A more detailed study of the performance of SSF schemes can be found in the ARCHER White Paper: Performance of Parallel IO on ARCHER
Plot of write bandwidth distributions for ARCHER fs3 using the SSF scheme:
Number of Processes | Stripe Count | Stripe Size (MiB) | Max. Write Bandwidth (MiB) |
---|---|---|---|
24 | -1 | 1 | 662 |
48 | -1 | 1 | 1311 |
96 | -1 | 1 | 2270 |
192 | -1 | 1 | 3791 |
384 | -1 | 1 | 5396 |
768 | -1 | 1 | 5775 |
1536 | -1 | 1 | 5945 |
3072 | -1 | 1 | 11321 |
6144 | -1 | 1 | 11530 |
12288 | -1 | 1 | 6368 |
Number of Processes | Stripe Count | Stripe Size (MiB) | Max. Write Bandwidth (MiB) |
---|---|---|---|
24 | -1 | 8 | 691 |
48 | -1 | 8 | 1487 |
96 | -1 | 8 | 3085 |
192 | -1 | 8 | 5587 |
384 | -1 | 8 | 7663 |
768 | -1 | 8 | 9108 |
1536 | -1 | 8 | 8599 |
3072 | -1 | 8 | 13785 |
6144 | -1 | 8 | 15946 |
12288 | -1 | 8 | 8205 |
Number of Processes | Stripe Count | Stripe Size (MiB) | Max.

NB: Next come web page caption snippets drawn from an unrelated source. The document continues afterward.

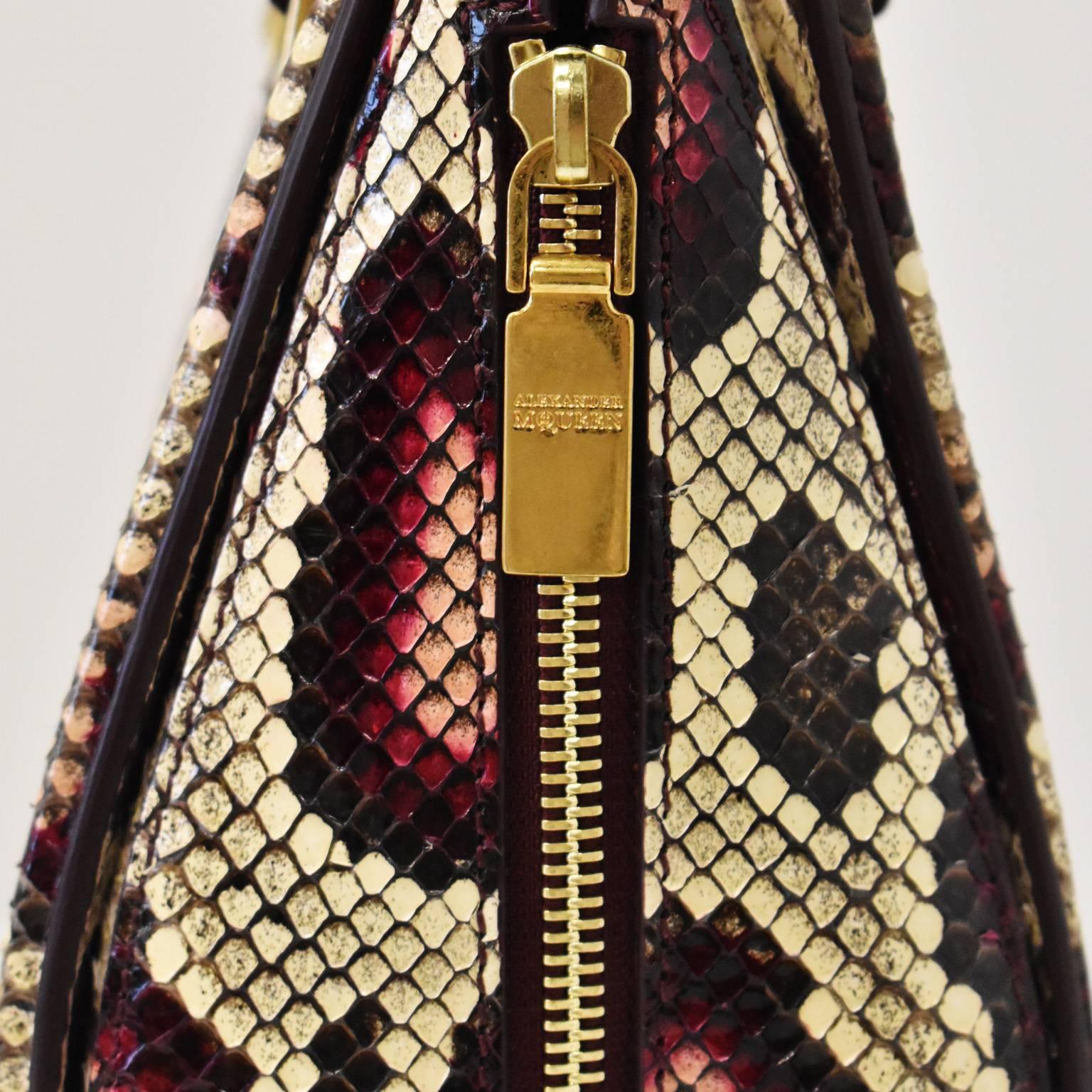 alexander mcqueen snakeskin bag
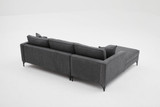 Ugaona sofa Berlin lijevo - antracit, crna Ugaona sofa Berlin lijevo - antracit, crna
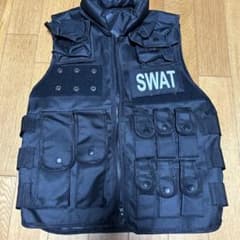 SWAT コスプレ ベスト 黒のサムネイル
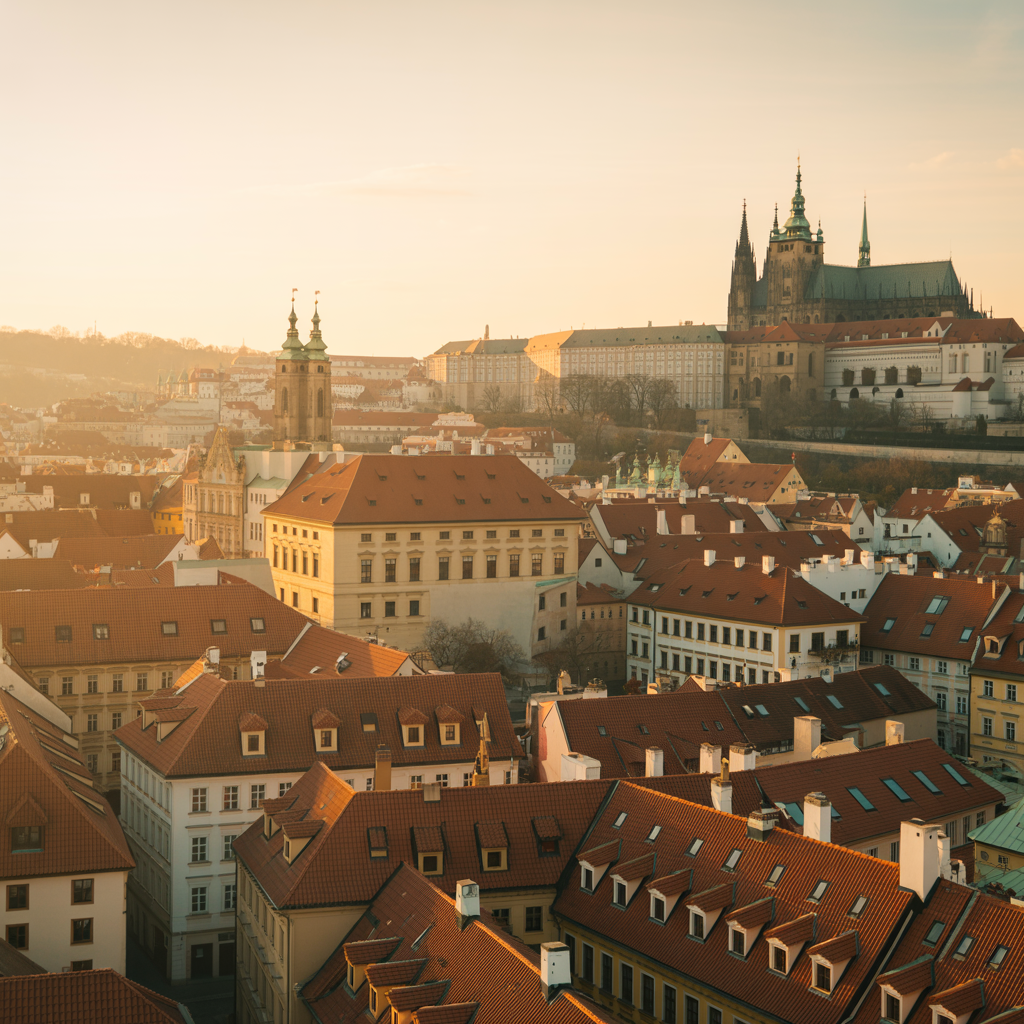 Founder walking in Prague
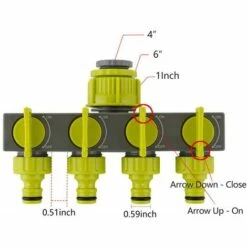 CSPARKV Inverseur De Vanne De Sortie Un Sur Quatre Inverseur De Jardin Vert Un Point Quatre Inverseur -Promos Raccord d'arrosage Magasin 65097797 2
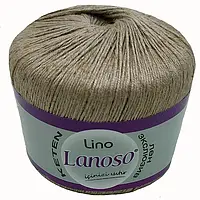 Lanoso LINO (Ланосо Ліно) №969 беж (Пряжа льон з віскозою, нитки для в'язання)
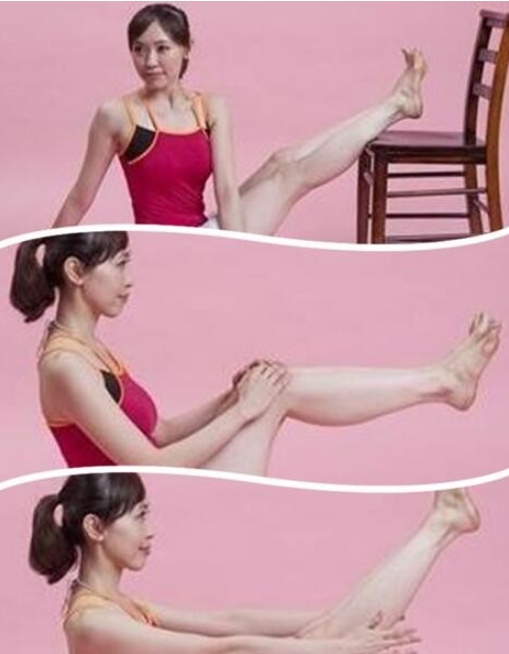 上课坐着怎么瘦腿?三个运动图解助你瘦!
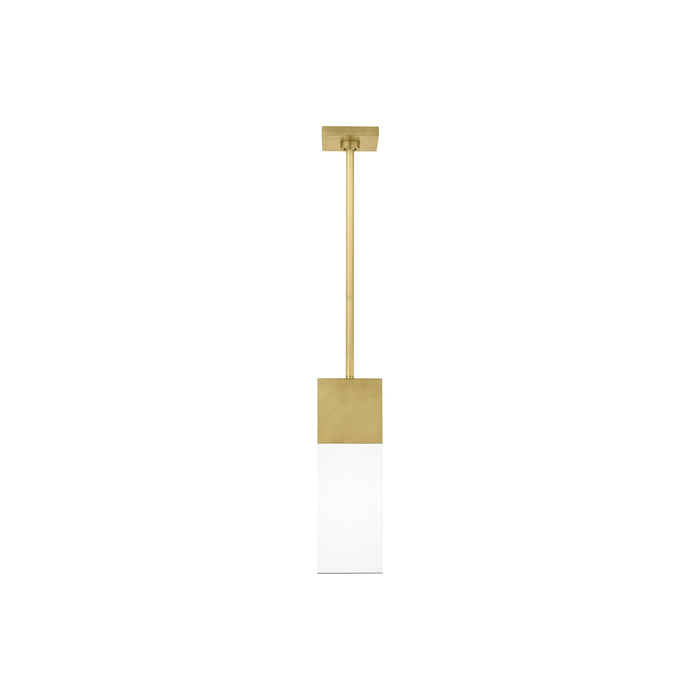 Kulma LED Pendant Light in Natural Brass (Small).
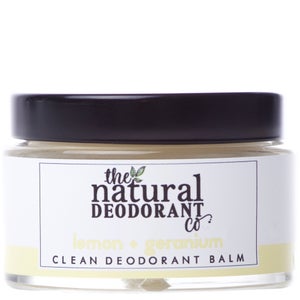 The Natural Deodorant Co. Clean Deodorant Balm Lemon + Geranium 55g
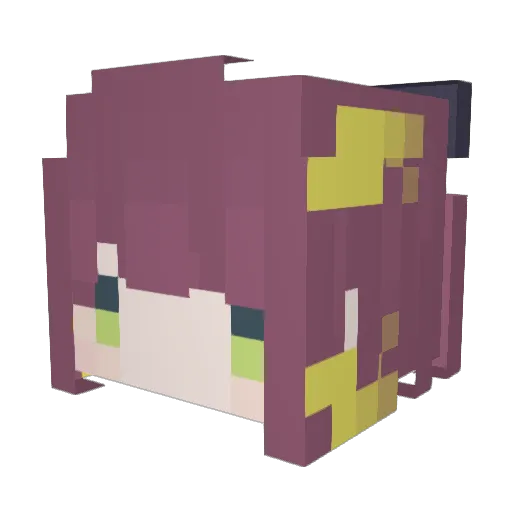 wataniki Minecraft avatar head, 3D render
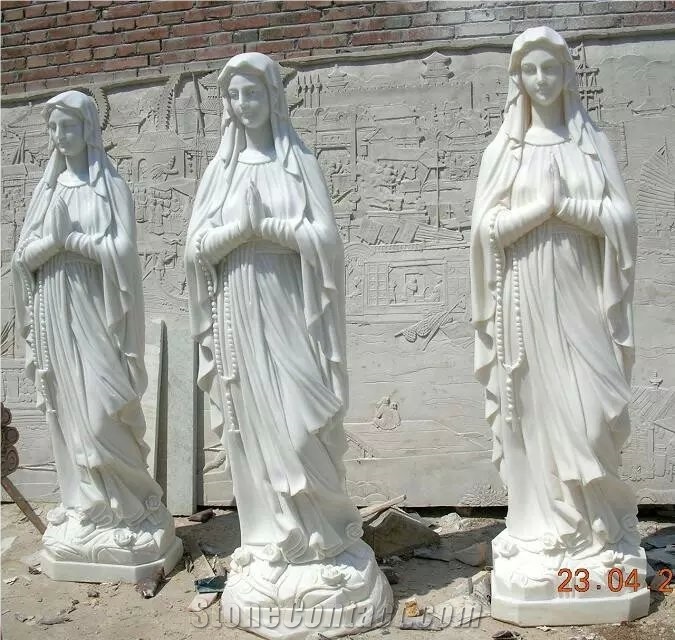 Madonna Mary Sculpture Statue Western Style Human Sculpture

Write Bandwidth (MiB) |
---|---|---|---|
24 | 4 | 1 | 862 |
48 | 4 | 1 | 1313 |
96 | 4 | 1 | 1292 |
192 | 4 | 1 | 1585 |
384 | 4 | 1 | 881 |
768 | 4 | 1 | 924 |
1536 | 4 | 1 | 822 |
3072 | 4 | 1 | 1288 |
6144 | 4 | 1 | 946 |
Number of Processes | Stripe Count | Stripe Size (MiB) | Max. Write Bandwidth (MiB) |
---|---|---|---|
24 | 4 | 8 | 915 |
48 | 4 | 8 | 1565 |
96 | 4 | 8 | 1789 |
192 | 4 | 8 | 1753 |
384 | 4 | 8 | 1251 |
768 | 4 | 8 | 1553 |
1536 | 4 | 8 | 1355 |
3072 | 4 | 8 | 1650 |
6144 | 4 | 8 | 1939 |
I/O Profiling
You can profile your application to get an insight into the I/O behaviour. CrayPAT can profile I/O tracing for specific I/O APIs by specifying particular flags (for example pat build -g io ... ) A default perftools-lite run will also include some I/O profiling.
Simple I/O data can be obtained from the iobuf module, it can also be used to provide additional buffering.
If you are using MPI-IO (or NetCDF or HDF5) then you can set MPICH_MPIIO_STATS to obtained I/O statistics (see man mpi).